Work to complete → Of all the entries below, only the lines from the one with "Large beach bag hot sale with compartments" up to and including the one with "Moose Shape Bottle" are to be duplicated exactly.

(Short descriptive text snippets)

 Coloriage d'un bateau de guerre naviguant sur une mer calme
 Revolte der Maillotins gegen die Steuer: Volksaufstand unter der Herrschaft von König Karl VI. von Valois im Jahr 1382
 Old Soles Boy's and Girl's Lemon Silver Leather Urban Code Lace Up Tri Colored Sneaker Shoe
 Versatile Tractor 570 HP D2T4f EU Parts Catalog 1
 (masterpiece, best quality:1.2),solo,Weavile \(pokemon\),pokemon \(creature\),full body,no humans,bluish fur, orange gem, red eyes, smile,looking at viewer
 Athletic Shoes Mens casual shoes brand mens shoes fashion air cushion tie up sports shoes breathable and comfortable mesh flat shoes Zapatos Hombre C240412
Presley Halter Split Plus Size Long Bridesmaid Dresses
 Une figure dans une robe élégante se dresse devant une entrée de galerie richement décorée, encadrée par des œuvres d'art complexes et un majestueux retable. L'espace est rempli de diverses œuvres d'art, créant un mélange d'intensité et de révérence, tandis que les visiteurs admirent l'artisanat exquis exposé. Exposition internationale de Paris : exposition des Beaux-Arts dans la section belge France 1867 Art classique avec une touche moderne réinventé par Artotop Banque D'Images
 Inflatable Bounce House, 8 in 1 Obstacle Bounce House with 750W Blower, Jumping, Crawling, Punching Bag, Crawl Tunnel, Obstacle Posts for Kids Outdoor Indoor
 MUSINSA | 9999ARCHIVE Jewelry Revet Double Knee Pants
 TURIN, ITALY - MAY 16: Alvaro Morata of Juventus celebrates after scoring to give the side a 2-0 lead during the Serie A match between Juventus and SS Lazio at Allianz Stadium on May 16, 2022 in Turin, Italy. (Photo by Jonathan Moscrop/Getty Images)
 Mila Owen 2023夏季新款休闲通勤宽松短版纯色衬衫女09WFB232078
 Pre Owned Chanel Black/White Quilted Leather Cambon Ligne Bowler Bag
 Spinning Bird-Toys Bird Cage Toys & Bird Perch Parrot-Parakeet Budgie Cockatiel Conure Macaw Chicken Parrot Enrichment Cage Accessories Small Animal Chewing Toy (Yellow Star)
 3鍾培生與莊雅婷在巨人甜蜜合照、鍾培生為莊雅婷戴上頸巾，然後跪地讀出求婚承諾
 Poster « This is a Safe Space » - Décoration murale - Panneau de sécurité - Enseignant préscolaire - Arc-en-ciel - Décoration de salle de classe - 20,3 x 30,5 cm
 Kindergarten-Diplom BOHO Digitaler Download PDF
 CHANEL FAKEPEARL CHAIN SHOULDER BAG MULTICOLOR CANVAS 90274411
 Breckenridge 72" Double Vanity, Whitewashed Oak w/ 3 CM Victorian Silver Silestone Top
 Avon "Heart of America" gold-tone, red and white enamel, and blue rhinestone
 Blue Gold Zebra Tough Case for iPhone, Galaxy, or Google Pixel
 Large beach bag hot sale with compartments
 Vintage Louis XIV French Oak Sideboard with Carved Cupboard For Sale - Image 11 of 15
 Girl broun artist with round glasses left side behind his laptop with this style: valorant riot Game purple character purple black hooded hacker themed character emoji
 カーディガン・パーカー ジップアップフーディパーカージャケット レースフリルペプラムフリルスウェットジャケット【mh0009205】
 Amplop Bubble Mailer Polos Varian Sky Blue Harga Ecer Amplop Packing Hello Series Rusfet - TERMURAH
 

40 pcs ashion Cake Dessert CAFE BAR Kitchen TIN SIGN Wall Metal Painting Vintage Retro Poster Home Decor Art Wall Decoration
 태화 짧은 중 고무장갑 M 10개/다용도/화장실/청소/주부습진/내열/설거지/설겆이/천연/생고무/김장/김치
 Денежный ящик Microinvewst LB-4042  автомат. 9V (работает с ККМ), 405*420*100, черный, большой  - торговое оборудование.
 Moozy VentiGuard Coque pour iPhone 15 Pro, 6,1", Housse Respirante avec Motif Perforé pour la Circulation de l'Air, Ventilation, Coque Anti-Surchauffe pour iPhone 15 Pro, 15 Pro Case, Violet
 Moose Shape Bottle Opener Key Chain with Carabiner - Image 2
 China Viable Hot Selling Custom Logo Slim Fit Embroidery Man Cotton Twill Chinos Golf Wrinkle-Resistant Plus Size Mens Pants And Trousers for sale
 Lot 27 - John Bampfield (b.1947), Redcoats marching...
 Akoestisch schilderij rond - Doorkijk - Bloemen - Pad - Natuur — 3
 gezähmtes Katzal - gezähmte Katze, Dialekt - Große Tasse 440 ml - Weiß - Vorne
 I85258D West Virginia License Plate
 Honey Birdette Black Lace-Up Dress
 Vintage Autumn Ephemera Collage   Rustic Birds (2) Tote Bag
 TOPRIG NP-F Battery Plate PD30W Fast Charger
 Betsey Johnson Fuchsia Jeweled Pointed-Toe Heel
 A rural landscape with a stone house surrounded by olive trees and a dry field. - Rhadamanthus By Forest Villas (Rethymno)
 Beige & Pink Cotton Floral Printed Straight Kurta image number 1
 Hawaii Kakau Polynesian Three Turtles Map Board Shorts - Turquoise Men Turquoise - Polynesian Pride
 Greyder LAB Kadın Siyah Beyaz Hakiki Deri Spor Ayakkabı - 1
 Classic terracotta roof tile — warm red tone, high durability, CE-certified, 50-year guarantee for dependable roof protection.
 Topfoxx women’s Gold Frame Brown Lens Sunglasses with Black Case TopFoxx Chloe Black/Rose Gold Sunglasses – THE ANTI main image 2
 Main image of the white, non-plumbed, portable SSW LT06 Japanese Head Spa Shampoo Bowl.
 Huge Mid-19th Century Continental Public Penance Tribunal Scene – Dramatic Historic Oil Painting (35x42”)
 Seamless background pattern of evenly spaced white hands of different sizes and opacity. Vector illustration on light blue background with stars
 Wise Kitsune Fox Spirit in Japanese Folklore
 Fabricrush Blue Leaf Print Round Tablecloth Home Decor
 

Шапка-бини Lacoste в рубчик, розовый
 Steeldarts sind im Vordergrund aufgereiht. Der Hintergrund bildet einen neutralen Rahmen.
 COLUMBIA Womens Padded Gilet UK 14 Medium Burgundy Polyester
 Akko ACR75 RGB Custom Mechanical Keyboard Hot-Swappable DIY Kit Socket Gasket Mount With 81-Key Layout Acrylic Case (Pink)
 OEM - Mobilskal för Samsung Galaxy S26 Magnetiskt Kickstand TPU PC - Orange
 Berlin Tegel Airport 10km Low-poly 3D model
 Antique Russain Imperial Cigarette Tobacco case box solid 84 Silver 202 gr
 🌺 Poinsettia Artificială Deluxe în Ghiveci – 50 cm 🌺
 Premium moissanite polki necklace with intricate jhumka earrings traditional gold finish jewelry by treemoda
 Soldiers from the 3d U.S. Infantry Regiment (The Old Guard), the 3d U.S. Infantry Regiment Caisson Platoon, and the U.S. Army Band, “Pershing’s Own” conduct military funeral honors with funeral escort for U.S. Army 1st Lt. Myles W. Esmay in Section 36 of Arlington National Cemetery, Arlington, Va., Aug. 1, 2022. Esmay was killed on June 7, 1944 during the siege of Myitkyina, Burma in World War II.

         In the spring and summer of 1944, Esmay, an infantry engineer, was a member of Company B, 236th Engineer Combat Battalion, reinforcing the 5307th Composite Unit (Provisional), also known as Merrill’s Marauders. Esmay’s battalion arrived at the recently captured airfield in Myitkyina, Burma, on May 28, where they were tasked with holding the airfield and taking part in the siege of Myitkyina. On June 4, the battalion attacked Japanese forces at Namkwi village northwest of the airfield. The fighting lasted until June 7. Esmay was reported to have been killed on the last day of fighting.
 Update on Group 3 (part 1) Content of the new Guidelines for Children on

Response to the exercise →
 Large beach bag hot sale with compartments
 Vintage Louis XIV French Oak Sideboard with Carved Cupboard For Sale - Image 11 of 15
 Girl broun artist with round glasses left side behind his laptop with this style: valorant riot Game purple character purple black hooded hacker themed character emoji
 カーディガン・パーカー ジップアップフーディパーカージャケット レースフリルペプラムフリルスウェットジャケット【mh0009205】
 Amplop Bubble Mailer Polos Varian Sky Blue Harga Ecer Amplop Packing Hello Series Rusfet - TERMURAH
 

40 pcs ashion Cake Dessert CAFE BAR Kitchen TIN SIGN Wall Metal Painting Vintage Retro Poster Home Decor Art Wall Decoration
 태화 짧은 중 고무장갑 M 10개/다용도/화장실/청소/주부습진/내열/설거지/설겆이/천연/생고무/김장/김치
 Денежный ящик Microinvewst LB-4042  автомат. 9V (работает с ККМ), 405*420*100, черный, большой  - торговое оборудование.
 Moozy VentiGuard Coque pour iPhone 15 Pro, 6,1", Housse Respirante avec Motif Perforé pour la Circulation de l'Air, Ventilation, Coque Anti-Surchauffe pour iPhone 15 Pro, 15 Pro Case, Violet
 Moose Shape Bottle Opener Key Chain with Carabiner - Image 2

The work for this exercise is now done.